Raw data:
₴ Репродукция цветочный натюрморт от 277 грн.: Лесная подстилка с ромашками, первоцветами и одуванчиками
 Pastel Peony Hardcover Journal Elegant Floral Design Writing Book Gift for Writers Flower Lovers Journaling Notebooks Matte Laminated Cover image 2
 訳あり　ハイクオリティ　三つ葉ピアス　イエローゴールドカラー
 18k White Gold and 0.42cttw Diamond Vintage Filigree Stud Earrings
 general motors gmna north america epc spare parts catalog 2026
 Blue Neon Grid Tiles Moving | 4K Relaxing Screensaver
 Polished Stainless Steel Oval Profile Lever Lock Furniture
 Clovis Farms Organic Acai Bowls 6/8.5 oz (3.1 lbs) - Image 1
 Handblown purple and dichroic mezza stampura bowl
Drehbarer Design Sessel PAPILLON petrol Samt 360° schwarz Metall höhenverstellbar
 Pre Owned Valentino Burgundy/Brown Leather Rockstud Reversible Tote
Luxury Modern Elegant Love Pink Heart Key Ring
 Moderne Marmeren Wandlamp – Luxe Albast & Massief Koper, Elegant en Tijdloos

Task: Where does the word "Elegant" appear in the listing above? Copy every line that holds it.

The answer:
 Pastel Peony Hardcover Journal Elegant Floral Design Writing Book Gift for Writers Flower Lovers Journaling Notebooks Matte Laminated Cover image 2
Luxury Modern Elegant Love Pink Heart Key Ring
 Moderne Marmeren Wandlamp – Luxe Albast & Massief Koper, Elegant en Tijdloos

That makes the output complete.